Der schweizer Soziologe Peter Gross (1941-2023), bekannt durch sein Buch „Die Multioptionsgesellschaft“ (Suhrkamp, 1994), war dem christlichen Glauben bzw. der katholischen Kirche innig verbunden. Angesichts des Todes seiner Frau Ursula hat er seine verwundete Liebe sprachlich freigelegt:
Von Peter Gross
»Ich muss sterben«, hast Du mir sechzig Tage vor Deinem Tod ins Ohr geflüstert. Leise hat sich der Tod genähert. Nun ist er da. Was für ein Stoß ins Herz, wenn Du gehst, gehen musst und die Welt zubeißt und Du schweren Angriffen auf Deinen Körper ausgesetzt bist. Wer schlägt und plagt dich so, Liebste, wer hat Deinen Körper zu einer einzigen Wunde gemacht? Wir haben das Köfferchen gepackt, und Du hast es mitgenommen, wie seit Jahren auch in die Ferien. War das jeweils eine Freude, wenn die weiße Kosmetiktasche zum Mitnehmen bereitstand! Reich sie mir!, hast Du mir fröhlich befohlen. Aber jetzt geht sie mit Dir weg an einen Ort, an dem Du nie warst und von dem sie dann ohne Dich zurückkommt. Und Du hast für diese letzte Reise all jene Habseligkeiten verpackt, die Du noch unbedingt zu brauchen meintest: Schminksachen, um die Zeichen, die über die langen, schlaflosen Nächte sich in Deinem Gesicht eingekerbt haben, zu verdecken, Lippenstifte, Körpermilch.

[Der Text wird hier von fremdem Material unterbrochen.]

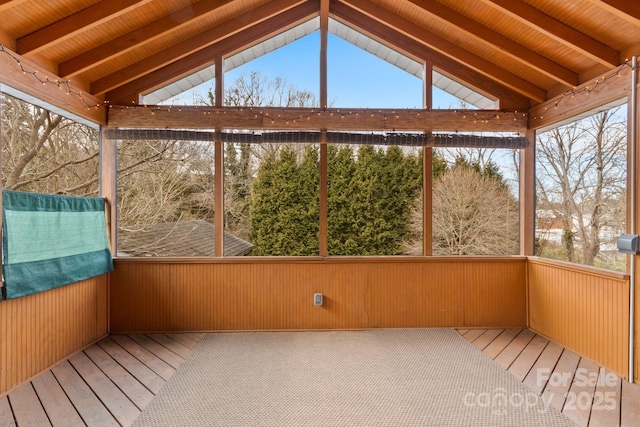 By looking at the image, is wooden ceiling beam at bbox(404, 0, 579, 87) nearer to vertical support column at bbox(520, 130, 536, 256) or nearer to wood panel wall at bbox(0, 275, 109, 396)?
vertical support column at bbox(520, 130, 536, 256)

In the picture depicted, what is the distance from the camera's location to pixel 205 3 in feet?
9.88

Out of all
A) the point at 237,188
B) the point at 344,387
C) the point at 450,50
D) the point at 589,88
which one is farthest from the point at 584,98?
the point at 237,188

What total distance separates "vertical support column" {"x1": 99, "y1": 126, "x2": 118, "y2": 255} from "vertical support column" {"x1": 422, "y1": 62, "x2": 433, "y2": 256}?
12.6ft

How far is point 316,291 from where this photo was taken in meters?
3.65

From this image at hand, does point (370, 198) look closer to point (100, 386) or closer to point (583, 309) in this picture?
point (583, 309)

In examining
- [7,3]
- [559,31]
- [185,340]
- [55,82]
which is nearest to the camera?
[7,3]

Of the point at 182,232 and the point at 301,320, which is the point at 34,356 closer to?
the point at 182,232

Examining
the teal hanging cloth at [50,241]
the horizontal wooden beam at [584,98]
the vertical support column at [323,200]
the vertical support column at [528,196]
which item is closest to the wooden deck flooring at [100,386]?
the teal hanging cloth at [50,241]

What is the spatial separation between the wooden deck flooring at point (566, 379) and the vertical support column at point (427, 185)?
3.82 ft

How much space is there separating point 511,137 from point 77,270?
5.13 meters

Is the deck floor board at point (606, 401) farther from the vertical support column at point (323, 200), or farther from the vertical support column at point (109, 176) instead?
the vertical support column at point (109, 176)

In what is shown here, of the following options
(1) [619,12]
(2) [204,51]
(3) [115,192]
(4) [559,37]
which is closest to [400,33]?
(4) [559,37]

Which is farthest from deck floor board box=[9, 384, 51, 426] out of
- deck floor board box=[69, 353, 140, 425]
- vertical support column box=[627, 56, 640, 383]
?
vertical support column box=[627, 56, 640, 383]

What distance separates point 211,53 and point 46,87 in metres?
1.73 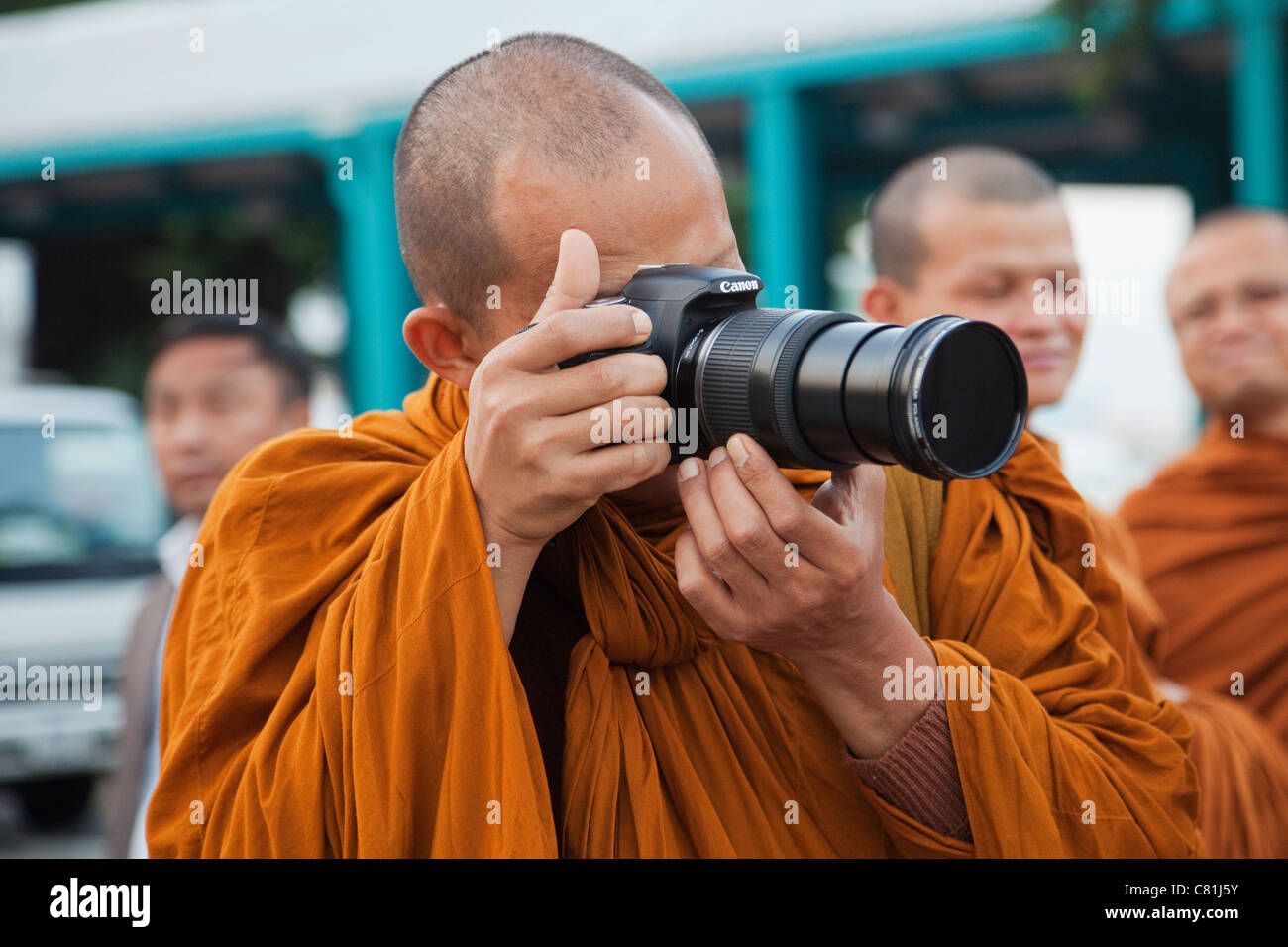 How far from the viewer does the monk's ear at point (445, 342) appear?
1552mm

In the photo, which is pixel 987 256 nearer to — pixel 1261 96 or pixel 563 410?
pixel 563 410

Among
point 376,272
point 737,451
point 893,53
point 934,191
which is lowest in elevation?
point 737,451

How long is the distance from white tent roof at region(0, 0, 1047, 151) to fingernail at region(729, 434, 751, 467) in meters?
4.89

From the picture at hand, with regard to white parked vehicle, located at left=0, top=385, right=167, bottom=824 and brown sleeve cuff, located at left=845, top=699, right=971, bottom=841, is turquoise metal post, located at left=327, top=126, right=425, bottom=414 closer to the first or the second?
white parked vehicle, located at left=0, top=385, right=167, bottom=824

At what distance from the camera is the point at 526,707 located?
4.28ft

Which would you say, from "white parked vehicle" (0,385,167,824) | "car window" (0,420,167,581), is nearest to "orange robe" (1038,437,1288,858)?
"white parked vehicle" (0,385,167,824)

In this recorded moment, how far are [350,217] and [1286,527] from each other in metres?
5.03

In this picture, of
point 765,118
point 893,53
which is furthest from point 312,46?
point 893,53

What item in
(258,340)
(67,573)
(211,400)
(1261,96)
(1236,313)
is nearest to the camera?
(1236,313)

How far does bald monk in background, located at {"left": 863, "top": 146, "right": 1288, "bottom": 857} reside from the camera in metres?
2.46

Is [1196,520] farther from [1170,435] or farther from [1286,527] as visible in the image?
[1170,435]

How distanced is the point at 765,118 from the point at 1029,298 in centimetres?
395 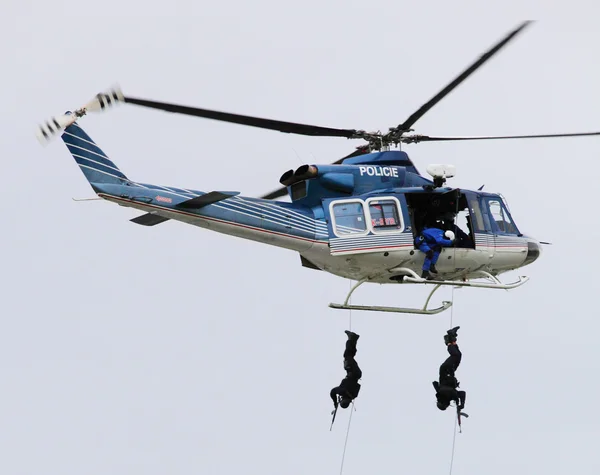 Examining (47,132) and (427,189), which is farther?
(427,189)

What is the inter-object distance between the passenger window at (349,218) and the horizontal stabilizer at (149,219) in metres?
2.77

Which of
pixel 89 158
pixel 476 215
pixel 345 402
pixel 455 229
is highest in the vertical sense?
pixel 476 215

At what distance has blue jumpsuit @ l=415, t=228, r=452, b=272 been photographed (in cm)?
2338

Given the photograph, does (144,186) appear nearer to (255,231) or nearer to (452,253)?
(255,231)

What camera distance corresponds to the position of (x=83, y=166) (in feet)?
72.3

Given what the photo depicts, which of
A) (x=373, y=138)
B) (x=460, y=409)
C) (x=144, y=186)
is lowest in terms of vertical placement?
(x=460, y=409)

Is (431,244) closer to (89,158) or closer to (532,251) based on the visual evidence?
(532,251)

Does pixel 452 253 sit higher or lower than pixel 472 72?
lower

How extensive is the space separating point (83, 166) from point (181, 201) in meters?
1.45

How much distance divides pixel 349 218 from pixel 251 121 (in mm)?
2178

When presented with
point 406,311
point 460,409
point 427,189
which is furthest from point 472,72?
point 460,409

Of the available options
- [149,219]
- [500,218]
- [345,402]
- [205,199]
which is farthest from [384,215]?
A: [149,219]

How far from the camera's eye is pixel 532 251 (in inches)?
989

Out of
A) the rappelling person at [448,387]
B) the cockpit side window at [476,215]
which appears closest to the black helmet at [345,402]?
the rappelling person at [448,387] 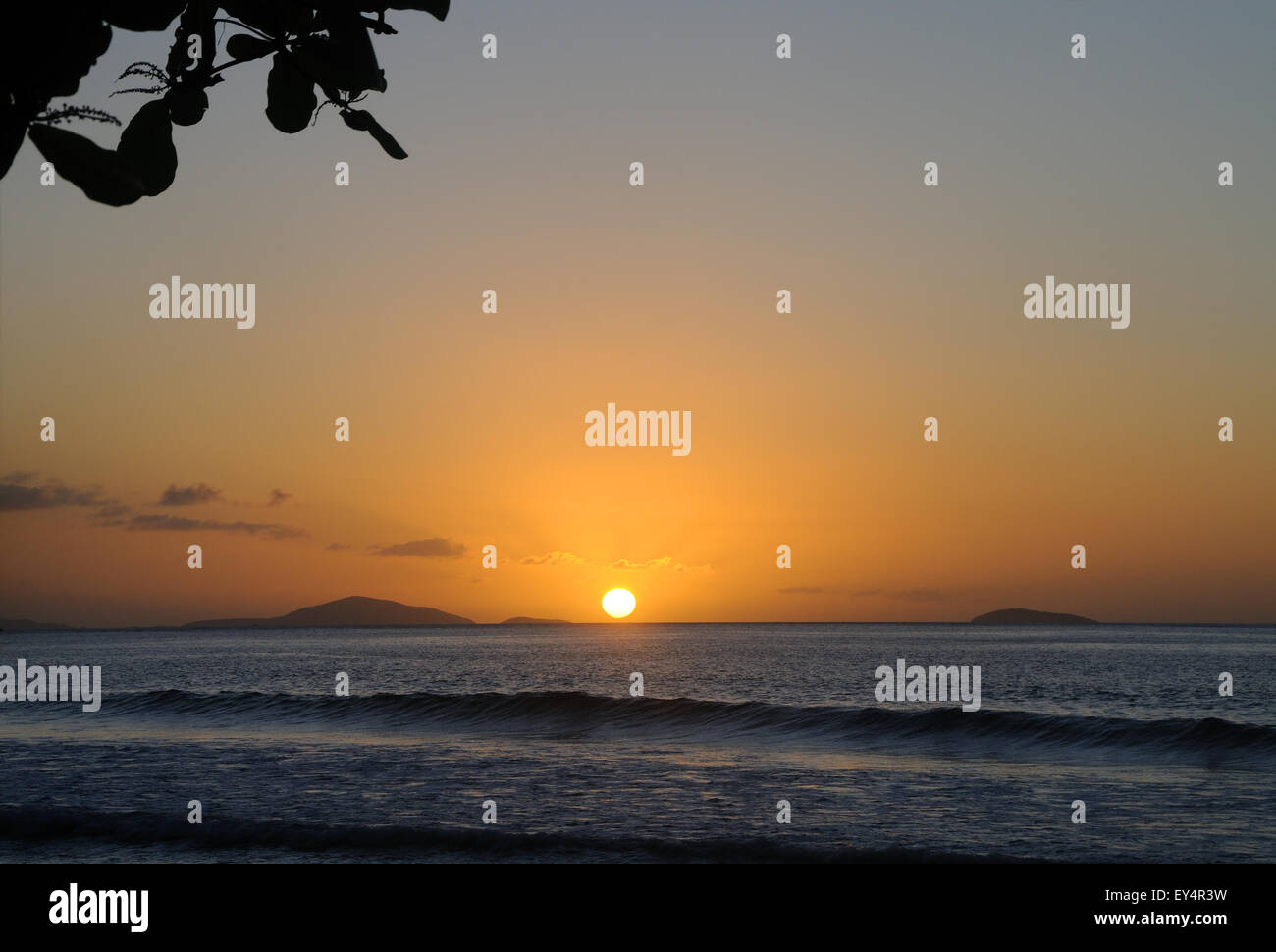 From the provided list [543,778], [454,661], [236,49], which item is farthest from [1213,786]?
[454,661]

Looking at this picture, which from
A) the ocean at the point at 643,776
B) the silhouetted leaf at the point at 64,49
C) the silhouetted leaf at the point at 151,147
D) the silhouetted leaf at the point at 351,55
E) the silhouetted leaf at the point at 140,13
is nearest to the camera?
the silhouetted leaf at the point at 64,49

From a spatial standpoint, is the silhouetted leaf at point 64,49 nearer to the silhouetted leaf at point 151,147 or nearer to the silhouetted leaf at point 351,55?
the silhouetted leaf at point 151,147

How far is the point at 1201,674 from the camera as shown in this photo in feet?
177

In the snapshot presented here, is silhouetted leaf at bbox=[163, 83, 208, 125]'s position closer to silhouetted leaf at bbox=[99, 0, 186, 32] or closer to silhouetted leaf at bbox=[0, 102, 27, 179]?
silhouetted leaf at bbox=[99, 0, 186, 32]

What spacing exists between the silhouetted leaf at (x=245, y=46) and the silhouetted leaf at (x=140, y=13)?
0.33 meters

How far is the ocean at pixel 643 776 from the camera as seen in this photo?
50.0 ft

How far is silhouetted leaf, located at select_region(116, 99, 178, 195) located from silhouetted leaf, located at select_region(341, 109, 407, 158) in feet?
0.96

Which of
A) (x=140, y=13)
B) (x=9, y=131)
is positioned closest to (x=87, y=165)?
(x=9, y=131)

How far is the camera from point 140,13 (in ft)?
4.90

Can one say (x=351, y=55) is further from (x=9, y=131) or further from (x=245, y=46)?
(x=9, y=131)

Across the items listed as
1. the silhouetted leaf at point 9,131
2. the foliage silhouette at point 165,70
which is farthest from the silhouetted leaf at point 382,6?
the silhouetted leaf at point 9,131

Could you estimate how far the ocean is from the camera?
15.2 m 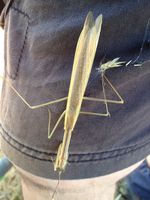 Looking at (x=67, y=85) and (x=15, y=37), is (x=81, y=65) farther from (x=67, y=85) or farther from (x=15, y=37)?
(x=15, y=37)

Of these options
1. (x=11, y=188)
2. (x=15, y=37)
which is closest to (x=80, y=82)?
(x=15, y=37)

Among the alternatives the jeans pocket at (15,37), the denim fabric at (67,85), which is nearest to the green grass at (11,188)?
the denim fabric at (67,85)

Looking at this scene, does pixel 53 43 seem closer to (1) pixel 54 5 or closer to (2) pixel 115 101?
(1) pixel 54 5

Ich sitze da, Liebste, und schreibe tausend Seiten über Dich und kann nicht aufhören, die immer gleichen Klagen mit den immer gleichen Worten zu wiederholen: Komm zurück. Wende. Komm wieder, Liebste, bleib, ich werde Dich halten und Dich mir nicht nehmen lassen. Nun kenne ich den Tod. Ich habe ihn, wie er zu Dir kam, genau beobachtet. Er wurde mir mit den Worten »Ich muss sterben« angekündigt. Mein Herz stand still. Wir haben uns im Angesicht des Todes angesehen, wie wir uns nie angesehen haben. Und bei aller Verzweiflung waren wir bemüht, Deinen Gang aufs Schafott – so kamen mir die letzten Wochen und Tage und Stunden vor – in gegenseitiger Liebe und Zuneigung zu beschreiten. Das Gehen von Dir war dennoch todtraurig. Daran konnten alle Vorsätze nichts ändern. Unsere Liebe war monatelang eine todgeweihte Liebe. Du, Ursula, hast Dich wie eingerollt und warst im Begriffe zu verschwinden. Komm’ ich denn erst, wenn ich auch tot bin, zu Dir? Erst wenn ich abgesenkt werde ins Doppelgrab?
Sterben müssen wir alle. Alle sind todgeweiht. Aber der Tod wird nicht alles haben – wie mächtig er auch immer ist. Er wird mir niemals entreißen, was war. Nie wird er Dich mir ganz wegnehmen, so sehr er an Dir zerrt. Das Abwesende wird sogar in einer sonderbaren Weise dringlicher und stärker, als das Anwesende es je war. Während Du gingst, erhob sich majestätisch wie ein sich auffaltendes Gebirge das Abwesende, das nur mehr Erinnerte. Lichte, im Abendsonnenschein verzauberte Berge, sich erhebend aus tiefen Tälern. Kulissen des Glücks und Gefühle der Verlorenheit. Der Tod hinterlässt ein schmerzliches Geschenk, die Sehnsucht nach dem, was nicht mehr ist, und nach dem, was noch hätte kommen können. Wie Du nicht mehr da bist, bist Du gleichzeitig mit großer Heftigkeit anwesend. Die Absenz verdrängt die Präsenz. Das Abwesende ist übermächtig. Du bist nicht mehr anwesend und gleichzeitig stärker und schmerzlicher gegenwärtig als je. Die leeren roten Schuhe. Der Bademantel im Bad, der Dich nie mehr kleiden kann. Du gingst aus dieser Welt und kamst mit einer seltsamen Wucht zurück und in mich hinein. Nun bist Du da, wo immer ich bin. Ich will Dich behalten, indem ich Dich und Dein gleichzeitiges Gehen und Kommen aufschreibe. Liebste, ich habe Dich verloren, und weil ich Dich verloren habe, sehne ich mich so sehr nach Dir. Du!
Quelle: Peter Gross, Ich muss sterben. Im Leid die Liebe neu erfahren, Freiburg: Herder, 2015, S. 9-12.